Whereas Chris’s conversations about gender are largely cordial, D. Smith, a Grammy-award winning producer and trans woman, often found herself in contentious settings on Love & Hip Hop: Atlanta with co-stars Waka Flocka Flame and Scrappy. In an interview with Power 105.1’s The Breakfast Club, Waka declared Caitlyn Jenner was “rebuking God” by being trans and alleged that “the devil” was playing tricks on her mind. (Following intense backlash, Waka “clarified” his comments on Twitter.) Scrappy, too, attacked trans women, writing on Instagram, “You a man with a penis with a wig on. I gotta check these motherf*****s’ baby pictures nowadays.” D. Smith confronted Scrappy, explaining that his social-media posts were transphobic; they ended their conversation in an uneasy detente. D. Smith has said that her participation on the show was an attempt to bring about awareness. “This is the demographic that people need to see the most,” she told the New York Post. “Fifteen years from now, some trans girl is going to have it so much easier than I did because I helped out.” (Smith has since said that she “barely made it through” the season and she wouldn’t be returning.)

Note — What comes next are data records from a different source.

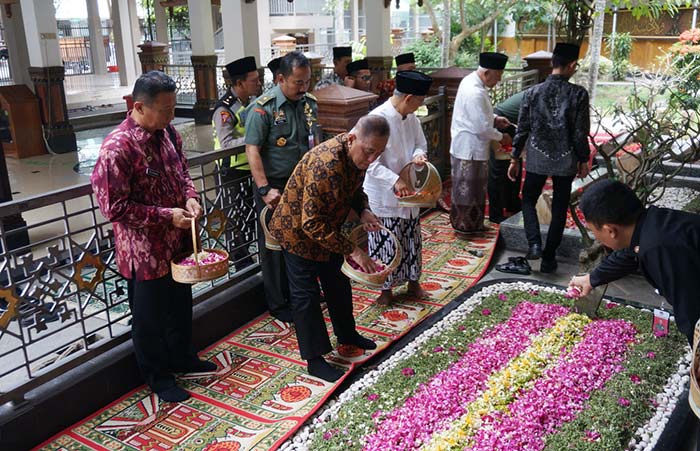 Menhan saat melakukan tabur bunga di kompleks makam Tebuireng.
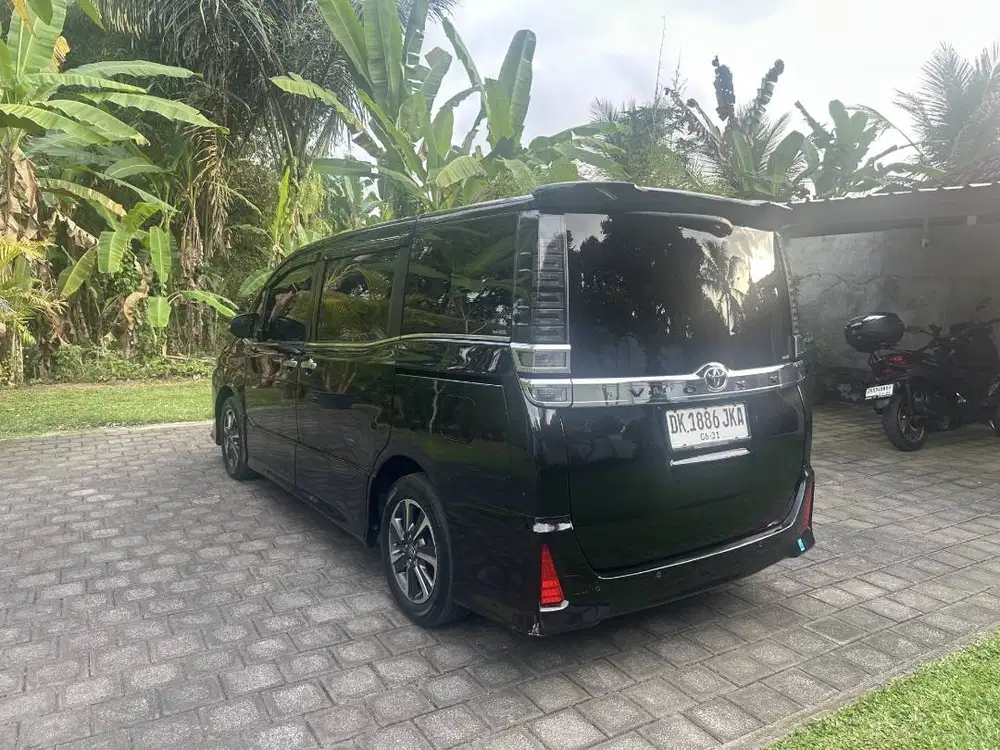 TOYOTA VOXY 2020 - Thumbnail 3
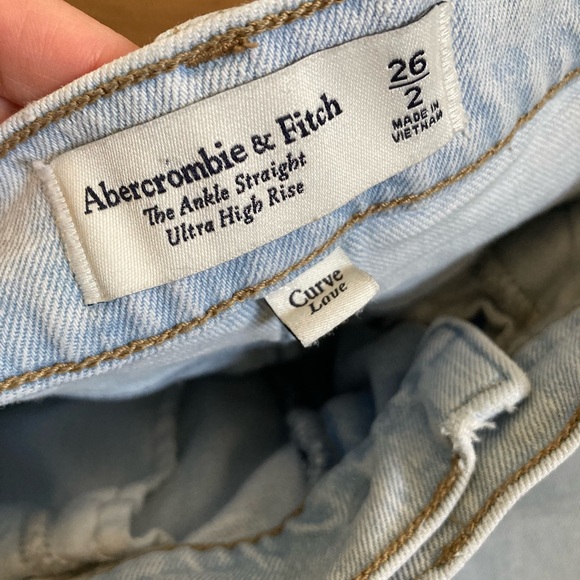 Abercrombie & Fitch Curve Love High Rise Straight Leg Crop Jeans - Picture 3 of 3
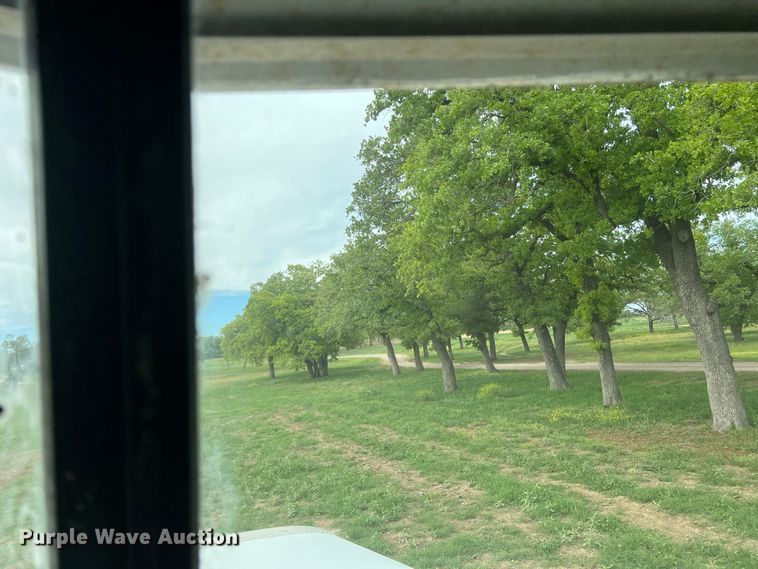 image for item DR5584 1999 Peterbilt 379  semi truck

Things didn’t go D. Smith’s way, but even these confrontations — which are often contrived by producers to bring about the conflict necessary to keep the melodrama going and fans tuned in — feel purposeful, and don’t let ignorant comments stand alone. While D. Smith may not have fully enlightened Scrappy or Waka, she likely impacted at least some of the minds of those watching at home. And more than anything, they feel like candid dialogues. It’s a stark contrast to Jenner’s E! docuseries, I Am Cait, where the artifice of staged conversations is more apparent.

Over the years, much of the conversation surrounding Love & Hip Hop has been relegated to whether or not the shows reinforce racial stereotypes. Mona Scott-Young, an executive producer of the franchise, defended the show from this line of criticism, noting: “The show was not created to represent all African-Americans. I think it’s clear that it’s these women’s stories. It’s set in a specific world and I don’t think that there’s anybody who’s navigated that world who would deny that these things happen.”

The same can be said of the LGBTQ people featured. Some narratives might feel uninspired — the questioning of Nikki’s bisexuality, the secrecy around Miles’s sexuality — but to Scott-Young’s point, these things do still happen. And what makes Love & Hip Hop’s dialogues so effective are that they work within the framework that made the franchise so popular to begin with: chaos. LGBTQ people of color are depicted as messy and complicated, progressive and ignorant — just like straight people. And in some ways, the faces of Love & Hip Hop are more representative of the LGBTQ community at large than what we typically see. A 2012 Gallup poll found that people of color self-identify as LGBTQ at a higher rate than white people, with black people self-identifying as LGBTQ more than anyone else. For all of the white faces typically associated with the LGBTQ community, D. Smith, Mimi Faust, Chris Gould, and yes, Nikki Mudarris, are more common than the media makes them out to be.